## EXERCISE
In your copy of the data, include no pictures and alter nothing else.

## STORED DATA
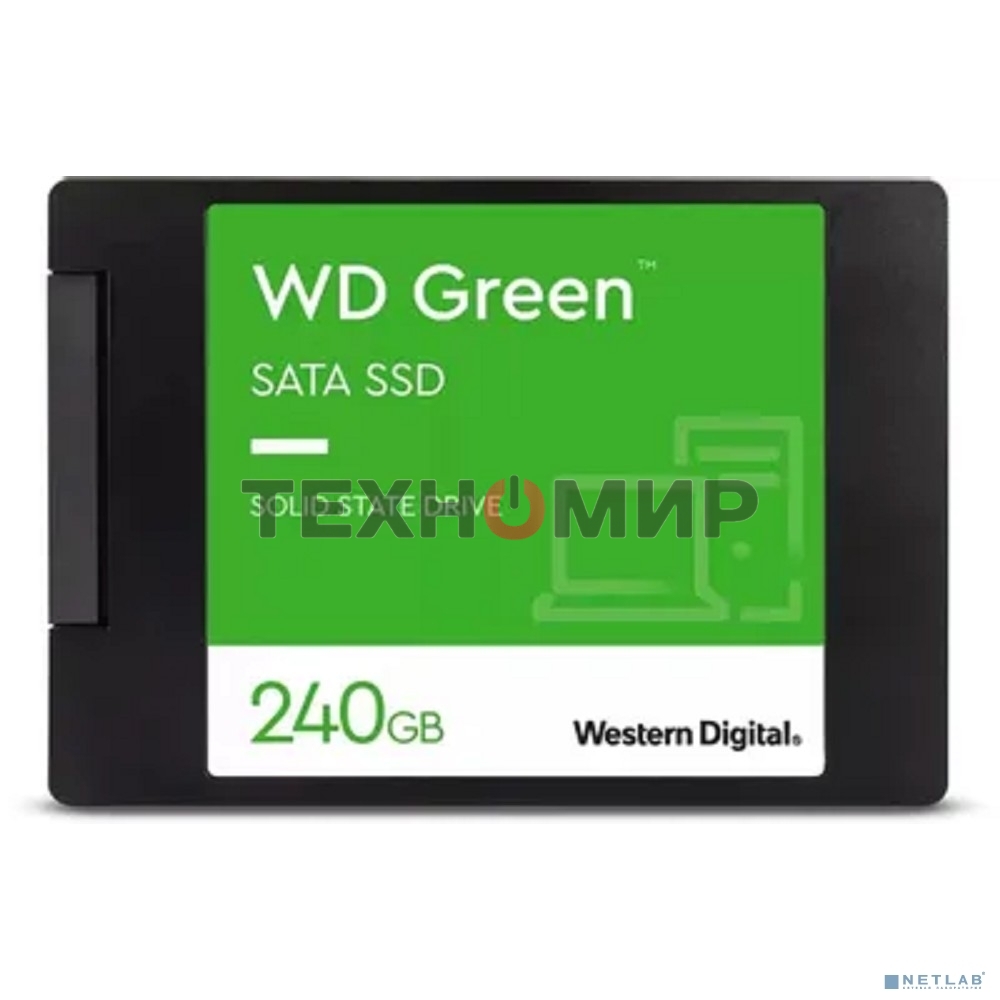 Накопитель SSD WD Green WDS240G3G0A, 240Gb, SATA III, 2.5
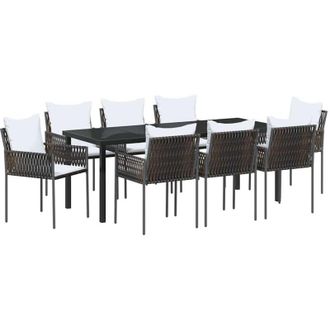 vidaXL Conjunto De Comedor De Jard&iacute;n 9 Pcs Marr&oacute;n Y Negro Vidaxl
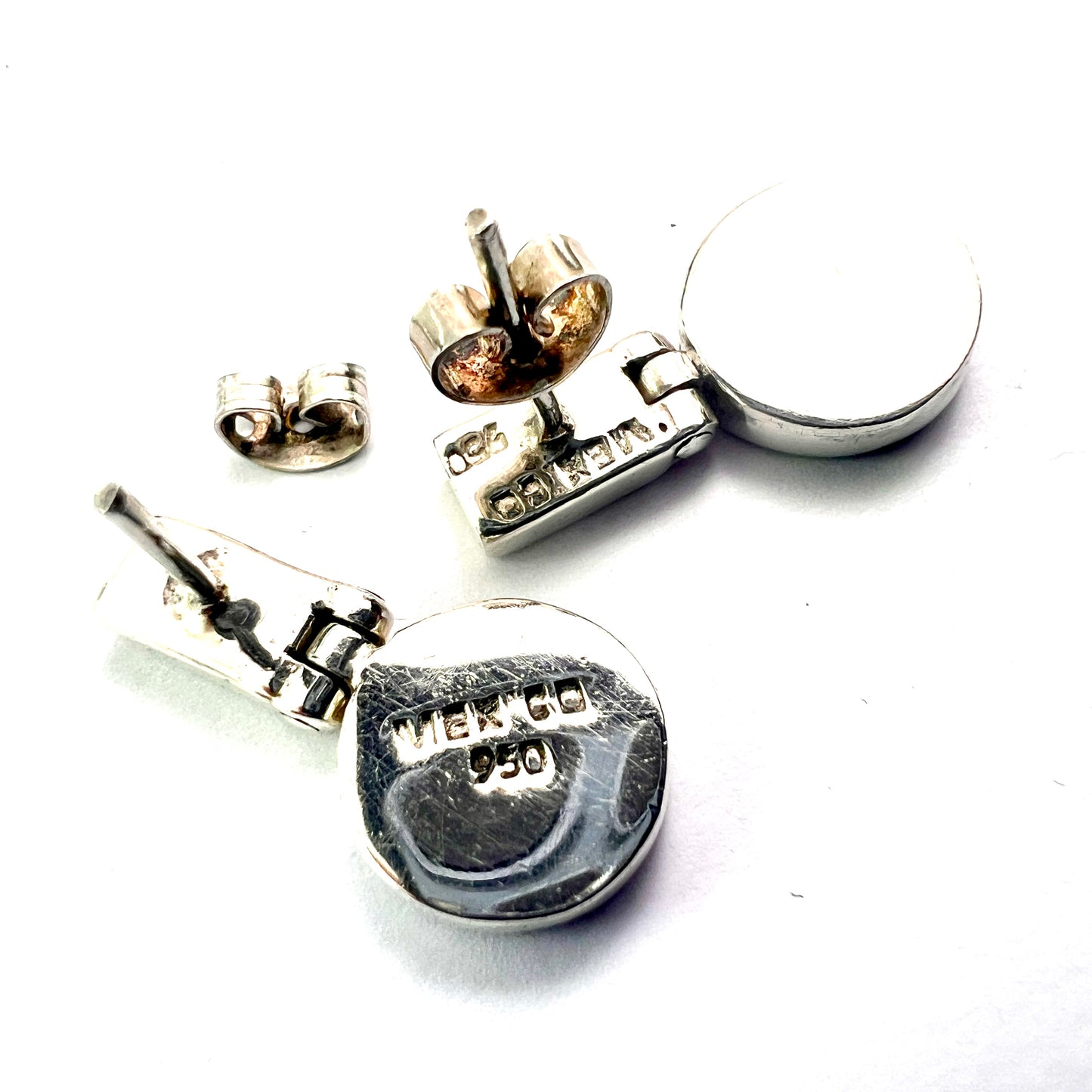 Mexican Vintage Opal Silver Modernist Earrings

## WRITTEN RESPONSE
 Накопитель SSD WD Green WDS240G3G0A, 240Gb, SATA III, 2.5
 vidaXL Conjunto De Comedor De Jard&iacute;n 9 Pcs Marr&oacute;n Y Negro Vidaxl
 Mexican Vintage Opal Silver Modernist Earrings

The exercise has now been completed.